Enófila por paixão, Karene Vilela (@kvilela) é publicitária formada pela ESPM e possui mais de 15 anos de experiência na importação e distribuição de vinhos. Atualmente, é Head de Relações Institucionais do Grupo Bacalhôa, sendo responsável pelo fortalecimento da marca no Brasil, Portugal e Reino Unido.
Primeira mulher a presidir a Câmara Portuguesa de Comércio de São Paulo, trabalha para estreitar as relações bilaterais entre os dois países. É graduada pelo prestigiado programa Diploma WSET de Londres (DipWSET), uma das formações mais concorridas do mundo do vinho e conquistada por poucos profissionais no Brasil. Também é certificada pela Wine Scholar Guild (FWS/IWS/SWS), sommelier pela Court of Master Sommeliers (@court_of_ms_europe), educadora da WSET na The Wine School Brasil (@thewineschoolbrasil) e sócia idealizadora do projeto Got Wine? (@gotwinesp).

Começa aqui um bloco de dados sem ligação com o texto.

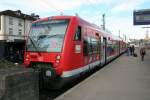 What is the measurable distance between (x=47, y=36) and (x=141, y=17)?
31730 mm

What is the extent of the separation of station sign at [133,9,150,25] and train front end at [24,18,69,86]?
29.6m

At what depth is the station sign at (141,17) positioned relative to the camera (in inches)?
1502

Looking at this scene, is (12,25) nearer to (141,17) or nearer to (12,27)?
(12,27)

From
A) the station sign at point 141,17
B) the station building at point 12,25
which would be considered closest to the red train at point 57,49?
the station sign at point 141,17

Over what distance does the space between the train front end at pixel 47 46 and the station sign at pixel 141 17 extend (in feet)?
97.2

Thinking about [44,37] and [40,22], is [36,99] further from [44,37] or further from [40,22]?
[40,22]

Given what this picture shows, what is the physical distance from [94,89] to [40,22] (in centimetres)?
353

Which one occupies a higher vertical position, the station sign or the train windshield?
the station sign

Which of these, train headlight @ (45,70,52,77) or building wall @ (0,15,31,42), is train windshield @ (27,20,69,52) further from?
building wall @ (0,15,31,42)

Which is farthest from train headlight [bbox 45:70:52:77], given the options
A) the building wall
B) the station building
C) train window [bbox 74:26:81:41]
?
the building wall

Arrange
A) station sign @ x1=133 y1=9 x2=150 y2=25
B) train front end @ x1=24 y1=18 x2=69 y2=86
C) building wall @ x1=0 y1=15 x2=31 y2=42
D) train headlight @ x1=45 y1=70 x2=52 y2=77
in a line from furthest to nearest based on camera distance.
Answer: building wall @ x1=0 y1=15 x2=31 y2=42 → station sign @ x1=133 y1=9 x2=150 y2=25 → train front end @ x1=24 y1=18 x2=69 y2=86 → train headlight @ x1=45 y1=70 x2=52 y2=77

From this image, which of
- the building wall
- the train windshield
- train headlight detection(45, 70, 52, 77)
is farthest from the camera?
the building wall

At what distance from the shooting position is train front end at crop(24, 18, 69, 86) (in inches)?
367

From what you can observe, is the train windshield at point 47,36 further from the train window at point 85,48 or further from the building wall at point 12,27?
the building wall at point 12,27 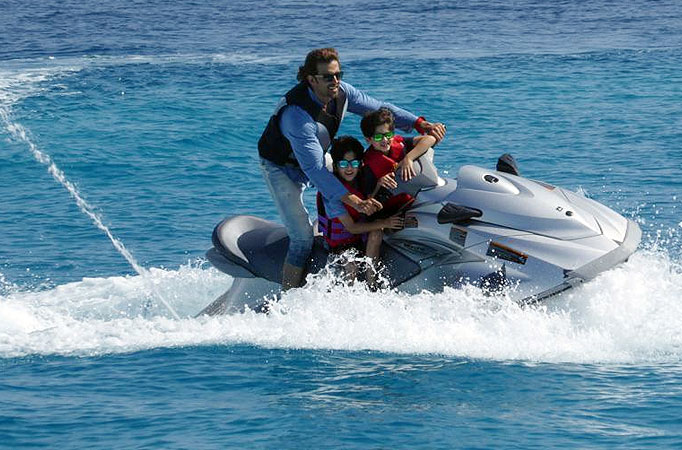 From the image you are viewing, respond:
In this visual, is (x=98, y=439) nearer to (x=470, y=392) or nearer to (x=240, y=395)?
(x=240, y=395)

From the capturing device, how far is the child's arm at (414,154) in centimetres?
715

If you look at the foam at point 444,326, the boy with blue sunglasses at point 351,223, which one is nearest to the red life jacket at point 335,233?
the boy with blue sunglasses at point 351,223

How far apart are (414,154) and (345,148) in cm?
41

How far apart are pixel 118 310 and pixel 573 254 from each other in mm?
3668

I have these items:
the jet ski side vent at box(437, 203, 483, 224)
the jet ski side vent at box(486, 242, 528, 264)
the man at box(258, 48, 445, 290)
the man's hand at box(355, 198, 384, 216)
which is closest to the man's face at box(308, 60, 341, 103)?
the man at box(258, 48, 445, 290)

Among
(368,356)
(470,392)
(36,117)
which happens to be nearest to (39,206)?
(36,117)

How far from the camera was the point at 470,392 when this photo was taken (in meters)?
6.81

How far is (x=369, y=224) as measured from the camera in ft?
23.7

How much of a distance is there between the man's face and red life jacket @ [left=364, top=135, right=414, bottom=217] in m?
0.42

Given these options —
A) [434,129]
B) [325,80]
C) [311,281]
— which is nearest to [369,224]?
[311,281]

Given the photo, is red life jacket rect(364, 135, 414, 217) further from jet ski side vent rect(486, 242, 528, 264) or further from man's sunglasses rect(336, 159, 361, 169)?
jet ski side vent rect(486, 242, 528, 264)

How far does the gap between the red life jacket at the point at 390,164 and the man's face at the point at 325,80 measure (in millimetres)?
416

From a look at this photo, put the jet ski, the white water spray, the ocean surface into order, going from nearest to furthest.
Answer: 1. the ocean surface
2. the jet ski
3. the white water spray

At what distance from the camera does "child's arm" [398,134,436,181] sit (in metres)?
7.15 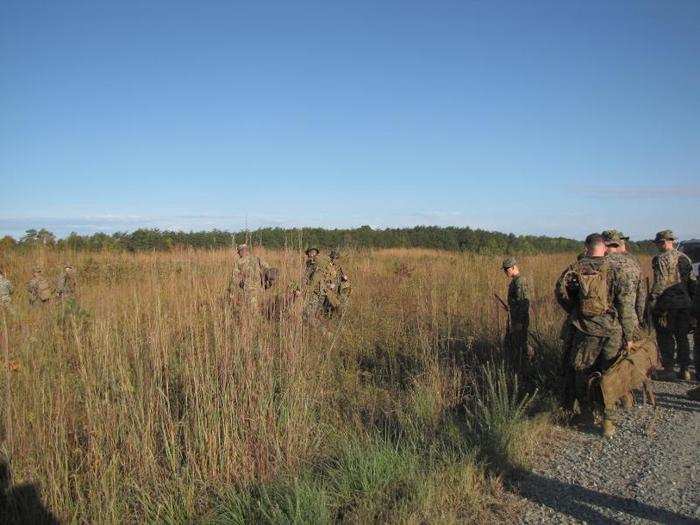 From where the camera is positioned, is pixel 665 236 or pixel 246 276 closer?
pixel 246 276

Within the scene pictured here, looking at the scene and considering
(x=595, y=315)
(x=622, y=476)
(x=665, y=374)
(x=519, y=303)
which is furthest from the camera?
(x=665, y=374)

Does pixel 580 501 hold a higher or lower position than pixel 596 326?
lower

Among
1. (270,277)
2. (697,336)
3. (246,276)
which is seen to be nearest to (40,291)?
(246,276)

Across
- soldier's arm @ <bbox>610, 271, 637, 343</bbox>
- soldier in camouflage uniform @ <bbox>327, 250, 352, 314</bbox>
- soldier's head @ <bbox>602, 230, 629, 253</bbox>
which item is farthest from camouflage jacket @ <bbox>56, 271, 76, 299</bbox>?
soldier's head @ <bbox>602, 230, 629, 253</bbox>

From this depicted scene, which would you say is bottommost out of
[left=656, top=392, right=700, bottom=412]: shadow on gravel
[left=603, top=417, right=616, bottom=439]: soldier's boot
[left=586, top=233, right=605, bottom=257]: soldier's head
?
[left=656, top=392, right=700, bottom=412]: shadow on gravel

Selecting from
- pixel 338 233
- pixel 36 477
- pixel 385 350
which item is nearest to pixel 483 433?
pixel 385 350

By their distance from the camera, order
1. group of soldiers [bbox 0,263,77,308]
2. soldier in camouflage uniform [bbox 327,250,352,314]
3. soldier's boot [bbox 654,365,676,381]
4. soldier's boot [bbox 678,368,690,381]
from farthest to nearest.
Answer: soldier in camouflage uniform [bbox 327,250,352,314]
soldier's boot [bbox 654,365,676,381]
soldier's boot [bbox 678,368,690,381]
group of soldiers [bbox 0,263,77,308]

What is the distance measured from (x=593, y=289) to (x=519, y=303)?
1236 millimetres

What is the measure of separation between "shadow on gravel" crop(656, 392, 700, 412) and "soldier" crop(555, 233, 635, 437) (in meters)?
1.19

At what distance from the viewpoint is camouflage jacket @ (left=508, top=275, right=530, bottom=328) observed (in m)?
6.20

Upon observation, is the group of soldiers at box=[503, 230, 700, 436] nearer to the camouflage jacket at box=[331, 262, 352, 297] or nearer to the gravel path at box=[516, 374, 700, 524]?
the gravel path at box=[516, 374, 700, 524]

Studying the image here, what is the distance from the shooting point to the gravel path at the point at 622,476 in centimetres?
352

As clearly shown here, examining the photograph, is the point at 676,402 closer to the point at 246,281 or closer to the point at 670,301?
the point at 670,301

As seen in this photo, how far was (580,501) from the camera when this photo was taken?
145 inches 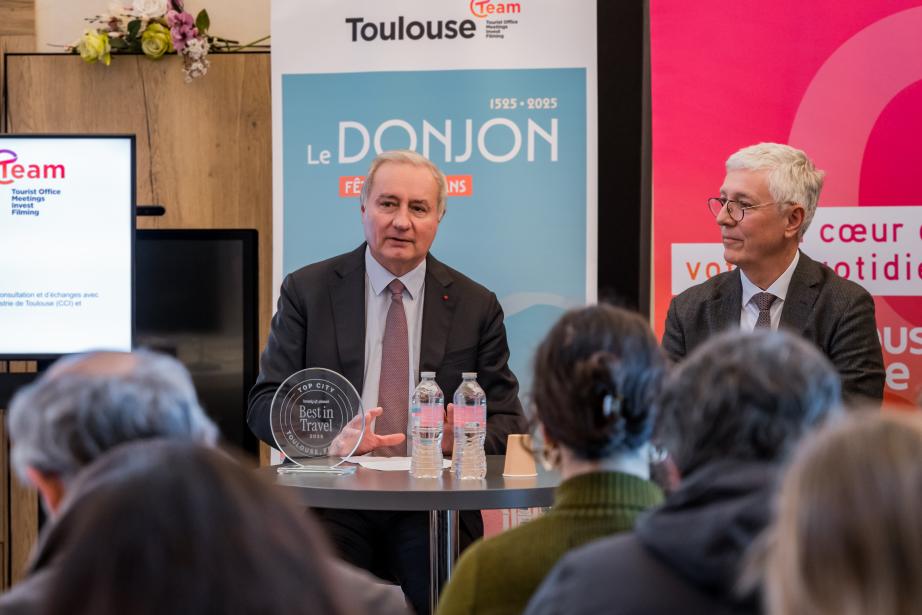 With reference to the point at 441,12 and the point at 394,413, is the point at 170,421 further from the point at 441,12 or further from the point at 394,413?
the point at 441,12

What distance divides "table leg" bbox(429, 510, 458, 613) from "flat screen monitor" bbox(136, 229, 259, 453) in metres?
1.78

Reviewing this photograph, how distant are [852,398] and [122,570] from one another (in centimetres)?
307

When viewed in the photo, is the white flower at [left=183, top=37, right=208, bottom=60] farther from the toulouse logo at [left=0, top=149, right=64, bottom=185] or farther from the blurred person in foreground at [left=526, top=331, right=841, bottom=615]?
the blurred person in foreground at [left=526, top=331, right=841, bottom=615]

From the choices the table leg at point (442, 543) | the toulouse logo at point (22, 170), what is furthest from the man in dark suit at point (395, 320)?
the toulouse logo at point (22, 170)

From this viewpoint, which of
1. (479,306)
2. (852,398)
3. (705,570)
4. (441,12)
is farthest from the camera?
(441,12)

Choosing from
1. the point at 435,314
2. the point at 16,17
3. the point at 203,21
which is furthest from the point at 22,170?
the point at 435,314

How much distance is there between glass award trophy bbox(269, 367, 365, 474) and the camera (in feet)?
10.6

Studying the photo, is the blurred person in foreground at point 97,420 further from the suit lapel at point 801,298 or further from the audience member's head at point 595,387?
the suit lapel at point 801,298

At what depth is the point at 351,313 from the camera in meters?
3.86

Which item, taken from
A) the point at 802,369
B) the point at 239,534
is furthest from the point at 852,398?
the point at 239,534

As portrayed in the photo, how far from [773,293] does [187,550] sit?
10.9 feet

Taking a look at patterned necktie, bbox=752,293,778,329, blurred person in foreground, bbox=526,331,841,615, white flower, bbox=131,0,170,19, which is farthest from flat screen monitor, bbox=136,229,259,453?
blurred person in foreground, bbox=526,331,841,615

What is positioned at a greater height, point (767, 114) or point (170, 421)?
point (767, 114)

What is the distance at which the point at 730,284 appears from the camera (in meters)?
4.02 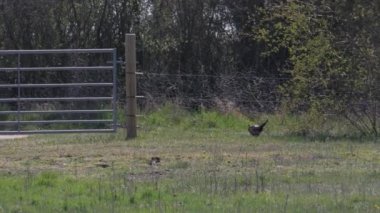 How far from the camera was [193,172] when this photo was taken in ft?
42.8

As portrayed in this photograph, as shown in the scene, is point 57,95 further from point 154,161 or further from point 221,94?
point 154,161

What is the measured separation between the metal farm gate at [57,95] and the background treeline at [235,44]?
0.92 metres

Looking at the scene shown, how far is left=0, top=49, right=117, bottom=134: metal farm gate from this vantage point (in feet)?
68.8

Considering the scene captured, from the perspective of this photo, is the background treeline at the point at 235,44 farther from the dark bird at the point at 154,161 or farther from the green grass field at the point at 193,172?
the dark bird at the point at 154,161

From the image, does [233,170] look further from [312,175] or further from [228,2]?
[228,2]

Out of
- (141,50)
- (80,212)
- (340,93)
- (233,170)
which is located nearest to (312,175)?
(233,170)

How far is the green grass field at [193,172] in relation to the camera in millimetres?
10375

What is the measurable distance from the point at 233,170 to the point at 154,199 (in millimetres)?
2882

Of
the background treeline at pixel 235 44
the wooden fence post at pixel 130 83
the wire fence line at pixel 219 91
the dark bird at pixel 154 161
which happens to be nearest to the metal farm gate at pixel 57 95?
the background treeline at pixel 235 44

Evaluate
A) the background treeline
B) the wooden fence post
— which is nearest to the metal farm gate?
the background treeline

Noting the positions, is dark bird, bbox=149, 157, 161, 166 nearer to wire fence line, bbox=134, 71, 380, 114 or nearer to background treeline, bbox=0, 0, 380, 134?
background treeline, bbox=0, 0, 380, 134

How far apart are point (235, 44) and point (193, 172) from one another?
18.7 metres

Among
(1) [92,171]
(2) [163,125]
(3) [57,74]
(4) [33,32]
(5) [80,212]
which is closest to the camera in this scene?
(5) [80,212]

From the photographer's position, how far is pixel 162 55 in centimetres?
3147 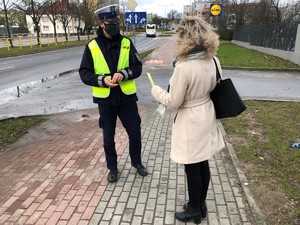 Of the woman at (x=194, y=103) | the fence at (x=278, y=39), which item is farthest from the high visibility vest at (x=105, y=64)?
the fence at (x=278, y=39)

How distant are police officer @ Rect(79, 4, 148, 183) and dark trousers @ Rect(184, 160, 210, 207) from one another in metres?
1.14

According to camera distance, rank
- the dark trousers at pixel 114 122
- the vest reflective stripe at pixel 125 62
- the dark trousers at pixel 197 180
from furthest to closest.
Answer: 1. the dark trousers at pixel 114 122
2. the vest reflective stripe at pixel 125 62
3. the dark trousers at pixel 197 180

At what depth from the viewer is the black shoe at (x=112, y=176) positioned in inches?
152

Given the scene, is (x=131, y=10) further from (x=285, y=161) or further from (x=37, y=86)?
(x=285, y=161)

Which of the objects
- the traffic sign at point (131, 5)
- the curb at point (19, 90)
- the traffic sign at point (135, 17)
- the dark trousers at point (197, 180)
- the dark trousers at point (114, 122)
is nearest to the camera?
the dark trousers at point (197, 180)

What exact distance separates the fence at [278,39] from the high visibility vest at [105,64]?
534 inches

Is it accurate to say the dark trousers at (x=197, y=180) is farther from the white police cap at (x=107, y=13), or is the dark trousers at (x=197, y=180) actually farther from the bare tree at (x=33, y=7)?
the bare tree at (x=33, y=7)

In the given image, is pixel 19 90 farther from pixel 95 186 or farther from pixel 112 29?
pixel 112 29

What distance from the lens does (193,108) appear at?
2.70 meters

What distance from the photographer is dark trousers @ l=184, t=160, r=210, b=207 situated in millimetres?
2877

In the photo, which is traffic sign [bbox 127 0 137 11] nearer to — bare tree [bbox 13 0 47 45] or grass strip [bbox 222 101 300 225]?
grass strip [bbox 222 101 300 225]

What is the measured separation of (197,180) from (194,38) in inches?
50.8

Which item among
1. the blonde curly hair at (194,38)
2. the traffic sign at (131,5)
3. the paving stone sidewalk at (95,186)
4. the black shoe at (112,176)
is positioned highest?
the traffic sign at (131,5)

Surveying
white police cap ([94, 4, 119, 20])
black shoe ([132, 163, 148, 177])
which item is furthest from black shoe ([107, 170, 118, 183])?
white police cap ([94, 4, 119, 20])
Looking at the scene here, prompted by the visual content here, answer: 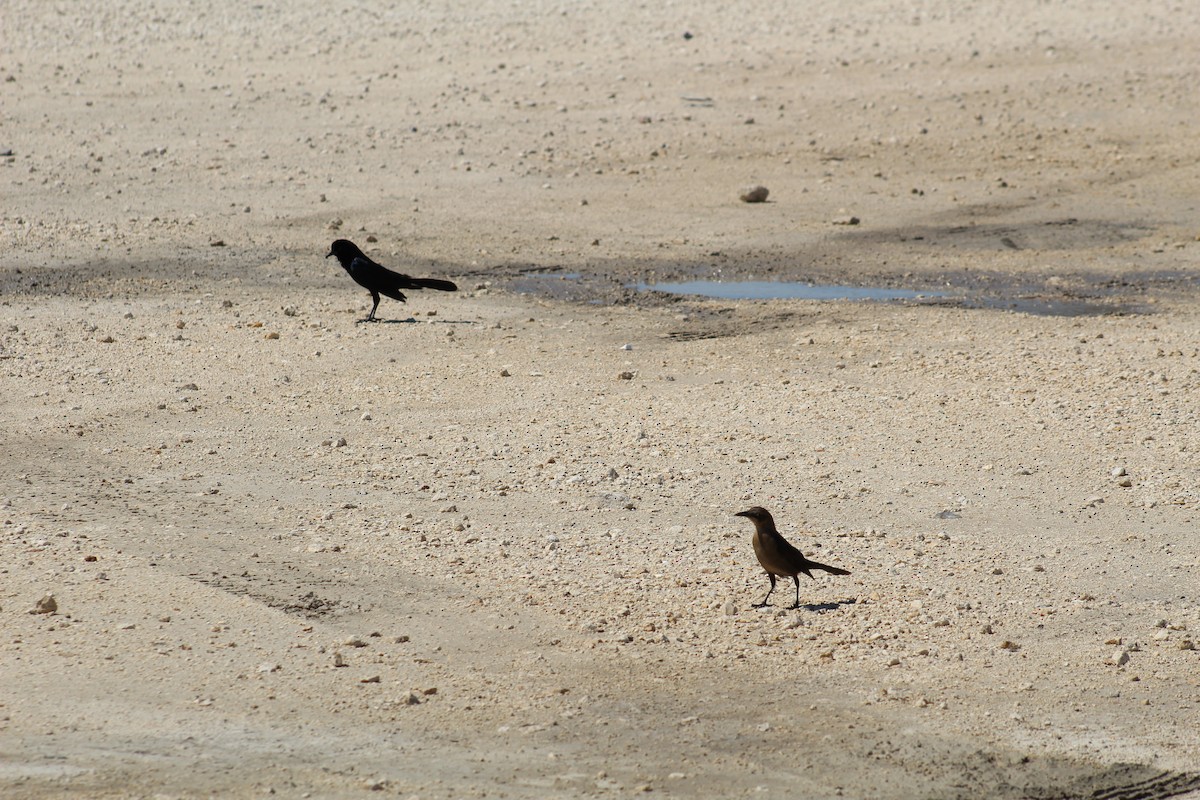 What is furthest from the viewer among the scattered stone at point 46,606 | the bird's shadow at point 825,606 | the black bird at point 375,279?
Answer: the black bird at point 375,279

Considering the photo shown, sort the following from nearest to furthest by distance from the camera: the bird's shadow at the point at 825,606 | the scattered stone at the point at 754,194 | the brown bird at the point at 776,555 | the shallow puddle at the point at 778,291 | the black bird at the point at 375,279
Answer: the brown bird at the point at 776,555, the bird's shadow at the point at 825,606, the black bird at the point at 375,279, the shallow puddle at the point at 778,291, the scattered stone at the point at 754,194

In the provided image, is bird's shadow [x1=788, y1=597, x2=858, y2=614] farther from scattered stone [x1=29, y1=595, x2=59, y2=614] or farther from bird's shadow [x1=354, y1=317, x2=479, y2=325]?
bird's shadow [x1=354, y1=317, x2=479, y2=325]

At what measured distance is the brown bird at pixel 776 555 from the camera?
623 centimetres

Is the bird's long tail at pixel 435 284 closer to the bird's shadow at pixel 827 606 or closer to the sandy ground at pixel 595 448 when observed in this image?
the sandy ground at pixel 595 448

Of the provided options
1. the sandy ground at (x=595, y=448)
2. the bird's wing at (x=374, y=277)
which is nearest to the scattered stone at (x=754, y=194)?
the sandy ground at (x=595, y=448)

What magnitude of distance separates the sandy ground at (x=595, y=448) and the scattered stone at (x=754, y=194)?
0.87ft

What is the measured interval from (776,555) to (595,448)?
2.33 m

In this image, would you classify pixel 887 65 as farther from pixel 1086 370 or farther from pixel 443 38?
pixel 1086 370

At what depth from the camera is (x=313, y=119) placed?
18.7 m

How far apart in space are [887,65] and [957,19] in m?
3.25

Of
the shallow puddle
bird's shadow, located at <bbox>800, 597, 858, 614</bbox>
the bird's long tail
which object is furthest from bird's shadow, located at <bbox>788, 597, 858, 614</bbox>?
the bird's long tail

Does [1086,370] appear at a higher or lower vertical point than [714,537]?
higher

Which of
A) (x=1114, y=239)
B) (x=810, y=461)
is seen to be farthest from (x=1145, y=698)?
(x=1114, y=239)

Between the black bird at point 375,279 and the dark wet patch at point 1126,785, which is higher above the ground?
the black bird at point 375,279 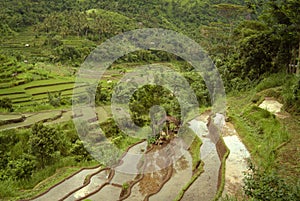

Karene também ministra aulas na SB Somm sobre vinhos da África do Sul e na ABS Alagoas sobre vinhos portugueses e espanhóis. É, ainda, uma das poucas estudantes do Brasil no concorrido programa do título Master of Wine.
Falar sobre a importância das relações entre Brasil e Portugal é quase sempre cair numa hipérbole anunciada. Como presidente da Câmara Portuguesa de São Paulo, espera-se de mim exatamente isso: que eu reafirme, quase por reflexo, que somos países eternamente conectados, unidos por raízes culturais, pela língua e por uma vocação natural para os negócios. Mas, como pessoa de negócios, sinto que o óbvio precisa ser dito com clareza e maturidade. Hoje, o Brasil não é o principal mercado de Portugal, assim como Portugal não é o principal parceiro comercial do Brasil. A nossa relação afetiva ainda não se traduz em números na mesma proporção. No Brasil, a Ásia e os US seguem dominando o share of mind empresarial; em Portugal, a Espanha e os Estados Unidos continuam protagonistas. Depois de dois anos à frente da Câmara, eu poderia seguir repetindo os mesmos argumentos de sempre, língua comum, herança histórica, crescimento dos voos diretos, mas a verdade é que nunca estivemos num momento tão estratégico para falar, de forma concreta, sobre a importância dos nossos negócios.
O ano de 2025 deixou claro que o mundo entrou numa espécie de guerra fria tarifária, na qual a diversificação de mercados, de clientes e de rotas comerciais deixou de ser opção e passou a ser condição de sobrevivência. Somado a isso, o início de 2026 nos coloca diante de um cenário geopolítico singular, com a eminência de um acordo comercial entre a União Europeia e o Mercosul, capaz de redesenhar fluxos de investimento e cadeias de valor. Nesse contexto, a relação entre Brasil e Portugal pode tornar-se decisiva para empresários brasileiros que enxergam a Europa como caminho natural de expansão e para empreendedores portugueses que, depois de décadas olhando quase exclusivamente para o mercado europeu, começam a perceber a América Latina como uma oportunidade real de crescimento. Será fácil atravessar os desafios? Não. Desde questões práticas, como filas de até dez horas no aeroporto de Lisboa, até entraves estruturais, como a urgente necessidade de simplificação e transparência do sistema tributário brasileiro, muito precisará ser feito. O mundo moderno exige que passemos a falar, de fato, a mesma língua. O português é um ponto de partida, mas está longe de ser suficiente. Espero ver, na próxima década, esse discurso finalmente refletido em números. E me sinto profundamente honrada por poder ajudar a escrever essa história ao lado de tantos luso-descendentes e de todos aqueles que acreditam que a relação luso-brasileira não é apenas herança do passado, mas também uma das maiores oportunidades estratégicas do nosso futuro. Convido todos vocês a começarem 2026 escrevendo essa história e criando hipérboles reais nas relações entre Brasil e Portugal.